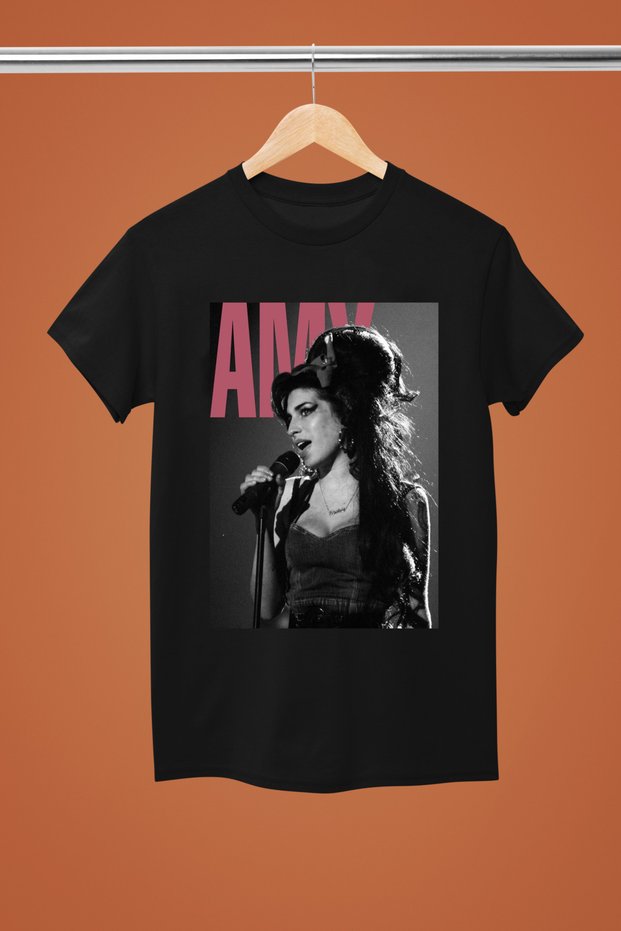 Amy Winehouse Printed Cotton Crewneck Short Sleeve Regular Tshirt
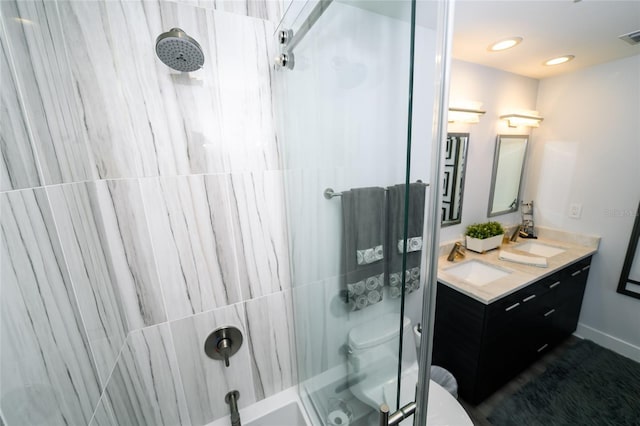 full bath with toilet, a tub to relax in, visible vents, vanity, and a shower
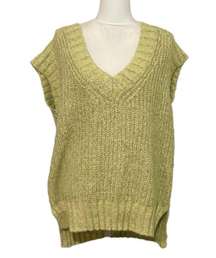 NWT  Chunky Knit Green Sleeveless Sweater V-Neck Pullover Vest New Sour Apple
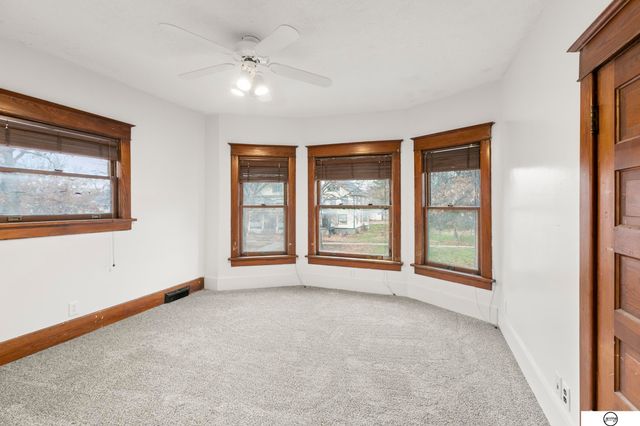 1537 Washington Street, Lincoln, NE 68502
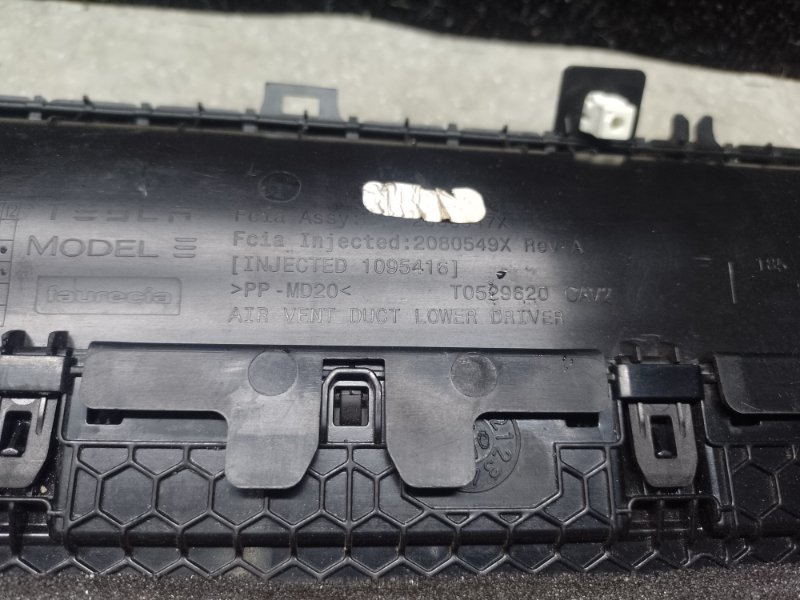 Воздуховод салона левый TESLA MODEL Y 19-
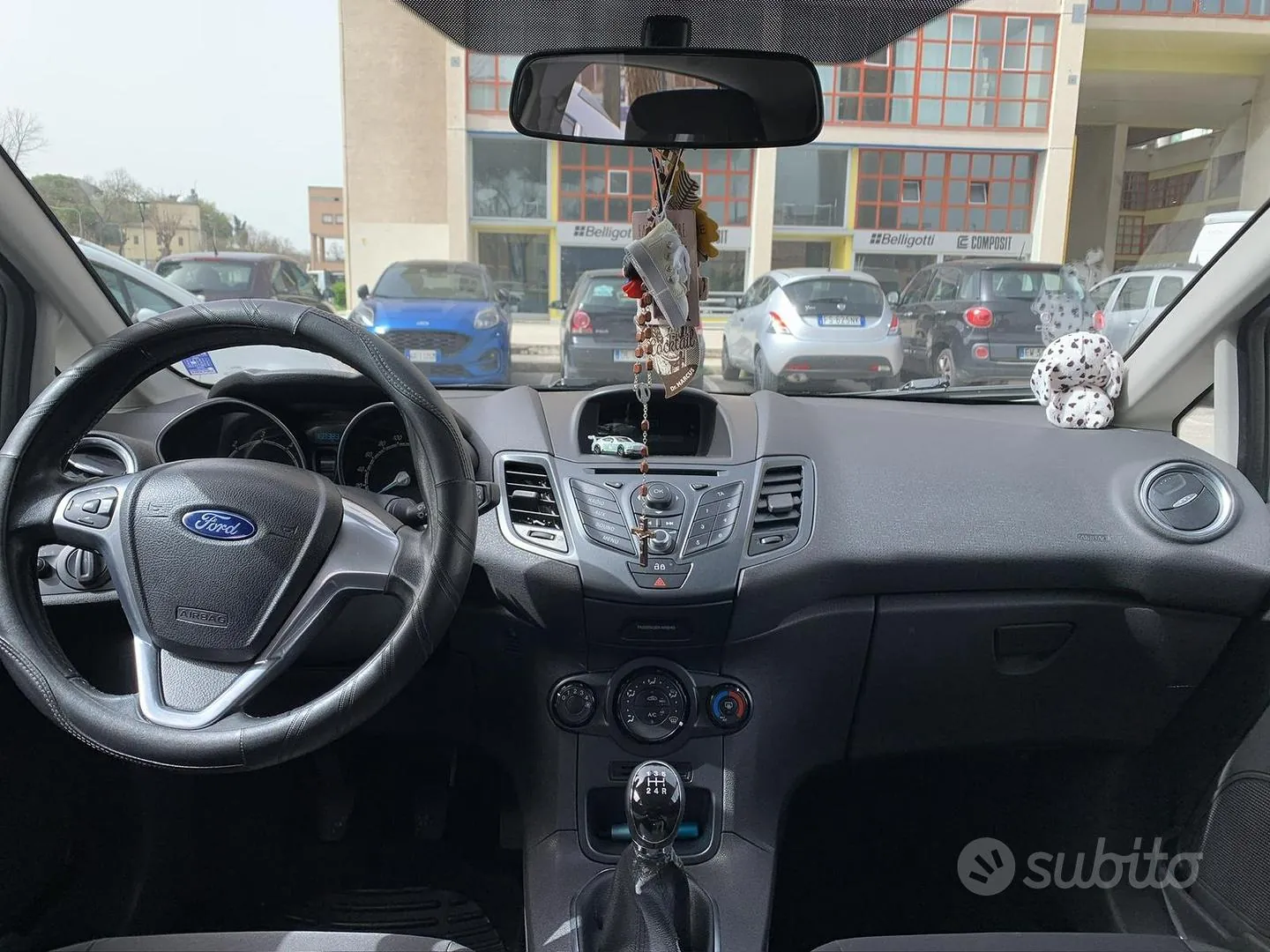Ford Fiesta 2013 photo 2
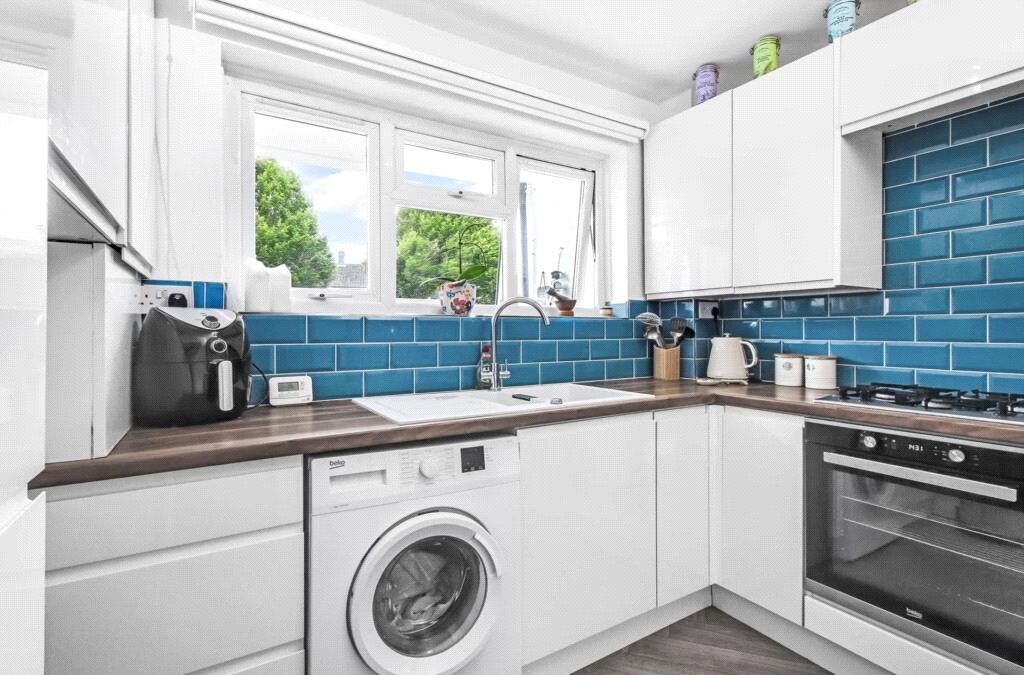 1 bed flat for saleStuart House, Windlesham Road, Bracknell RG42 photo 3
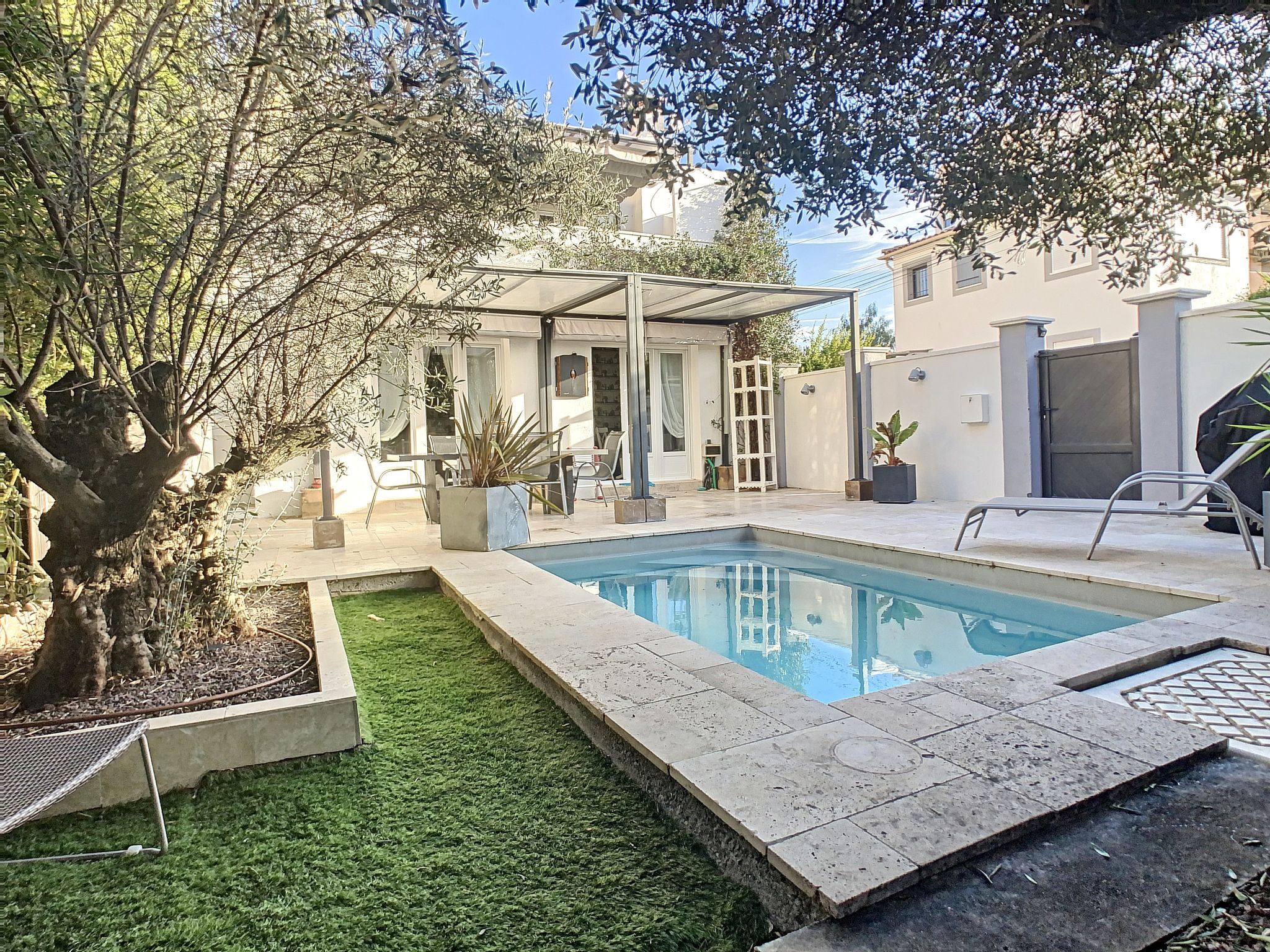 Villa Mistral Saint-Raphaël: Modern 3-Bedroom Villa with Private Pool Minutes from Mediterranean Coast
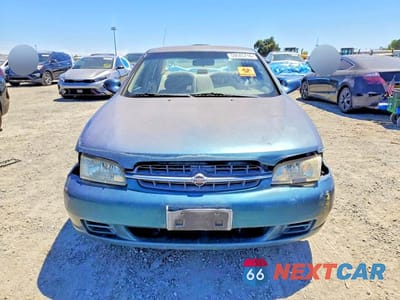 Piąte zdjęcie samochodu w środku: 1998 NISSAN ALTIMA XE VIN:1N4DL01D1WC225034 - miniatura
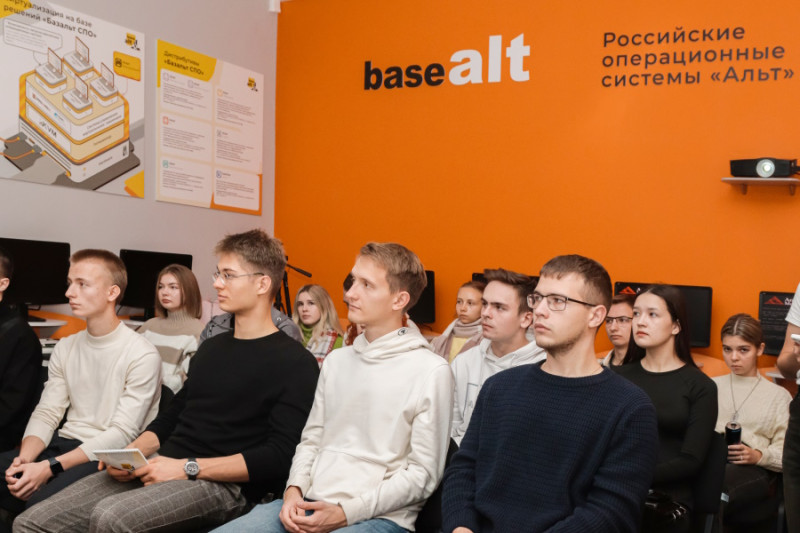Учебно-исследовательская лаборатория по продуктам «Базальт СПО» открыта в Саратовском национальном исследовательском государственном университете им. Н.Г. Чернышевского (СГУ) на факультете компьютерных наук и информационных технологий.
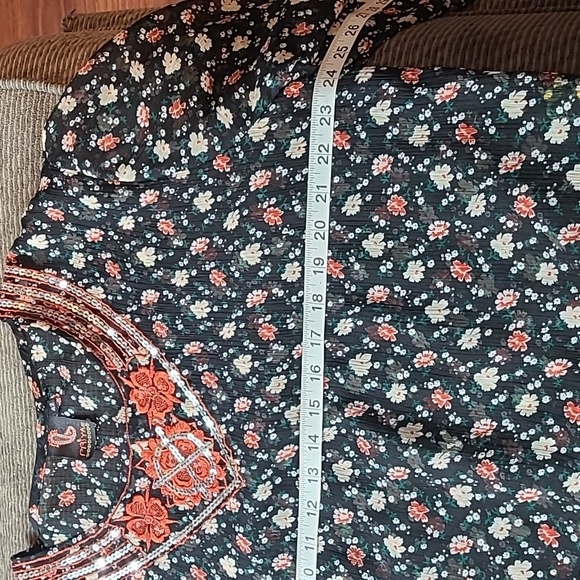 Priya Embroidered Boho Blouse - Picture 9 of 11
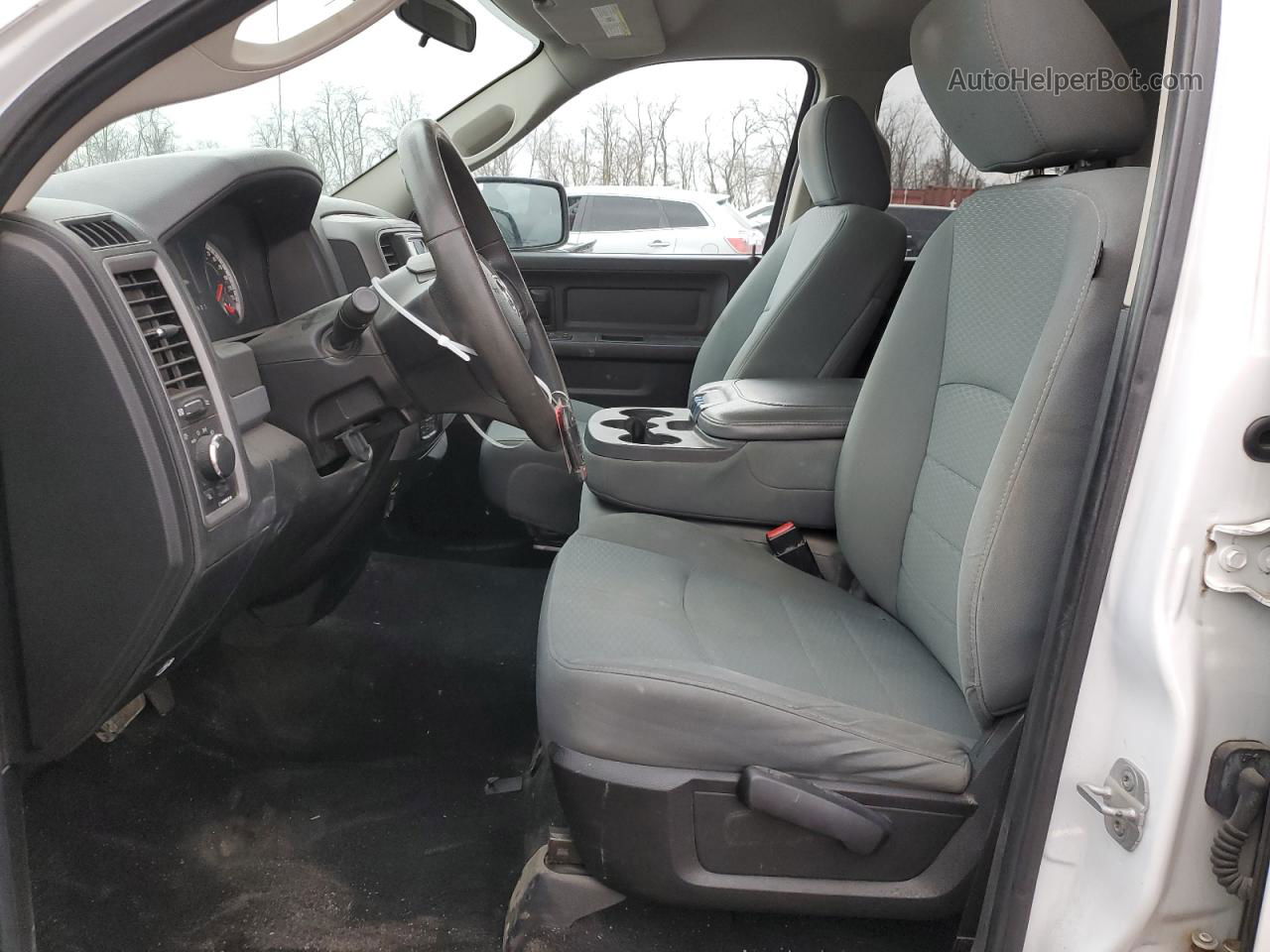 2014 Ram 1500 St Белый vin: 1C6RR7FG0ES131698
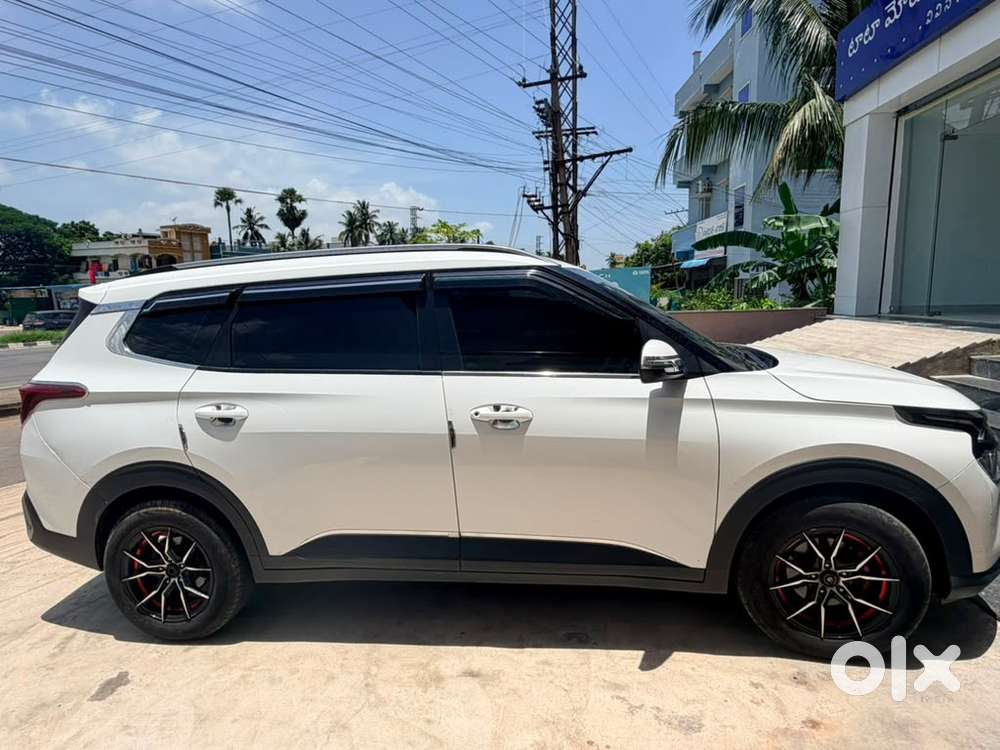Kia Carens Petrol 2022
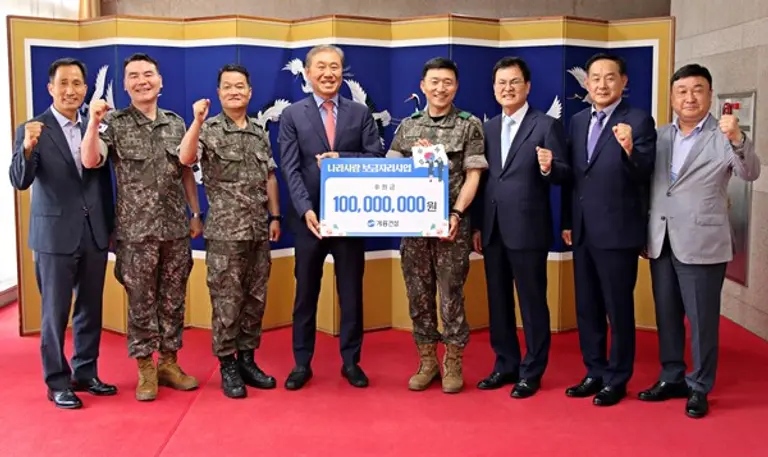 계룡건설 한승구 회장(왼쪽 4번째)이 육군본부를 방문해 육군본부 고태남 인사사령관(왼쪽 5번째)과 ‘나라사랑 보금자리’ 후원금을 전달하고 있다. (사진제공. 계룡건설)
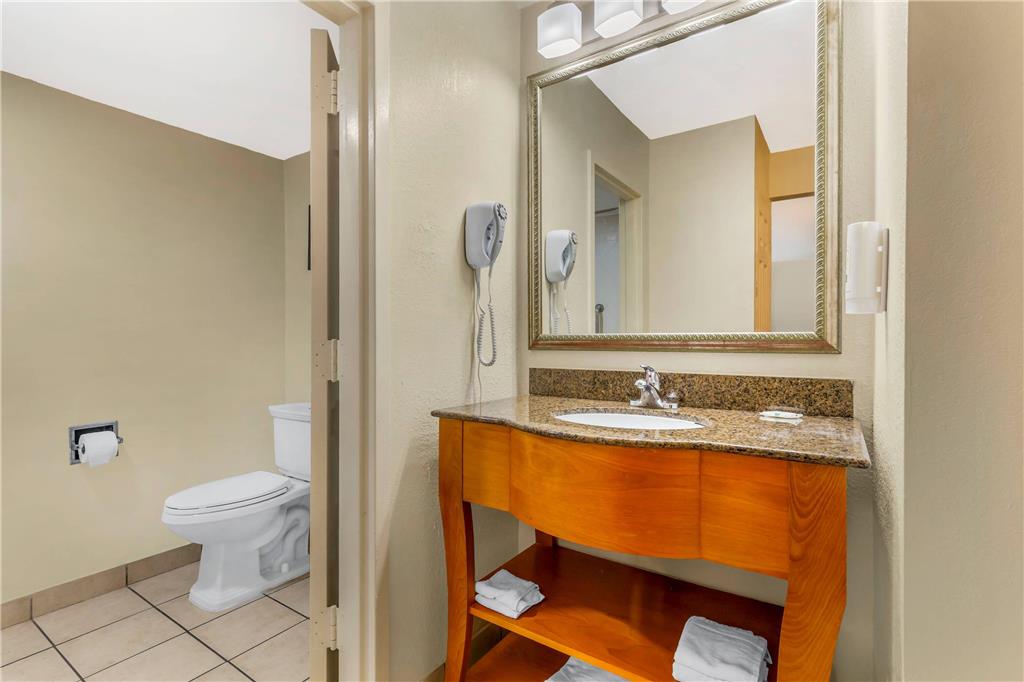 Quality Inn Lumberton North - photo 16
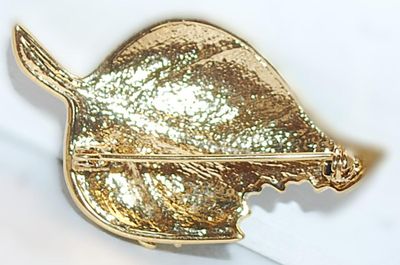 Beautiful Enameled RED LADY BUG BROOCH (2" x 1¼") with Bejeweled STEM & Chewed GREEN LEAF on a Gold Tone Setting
============================================================
EXERCISE GOAL:
When you repeat the data, keep every line exact and drop the images.

RESPONSE TO THE EXERCISE:
 Amy Winehouse Printed Cotton Crewneck Short Sleeve Regular Tshirt
 full bath with toilet, a tub to relax in, visible vents, vanity, and a shower
 NWT  Chunky Knit Green Sleeveless Sweater V-Neck Pullover Vest New Sour Apple
 1537 Washington Street, Lincoln, NE 68502
 Воздуховод салона левый TESLA MODEL Y 19-
Ford Fiesta 2013 photo 2
 1 bed flat for saleStuart House, Windlesham Road, Bracknell RG42 photo 3
 Villa Mistral Saint-Raphaël: Modern 3-Bedroom Villa with Private Pool Minutes from Mediterranean Coast
 Piąte zdjęcie samochodu w środku: 1998 NISSAN ALTIMA XE VIN:1N4DL01D1WC225034 - miniatura
Учебно-исследовательская лаборатория по продуктам «Базальт СПО» открыта в Саратовском национальном исследовательском государственном университете им. Н.Г. Чернышевского (СГУ) на факультете компьютерных наук и информационных технологий.
 Priya Embroidered Boho Blouse - Picture 9 of 11
 2014 Ram 1500 St Белый vin: 1C6RR7FG0ES131698
Kia Carens Petrol 2022
 계룡건설 한승구 회장(왼쪽 4번째)이 육군본부를 방문해 육군본부 고태남 인사사령관(왼쪽 5번째)과 ‘나라사랑 보금자리’ 후원금을 전달하고 있다. (사진제공. 계룡건설)
 Quality Inn Lumberton North - photo 16
 Beautiful Enameled RED LADY BUG BROOCH (2" x 1¼") with Bejeweled STEM & Chewed GREEN LEAF on a Gold Tone Setting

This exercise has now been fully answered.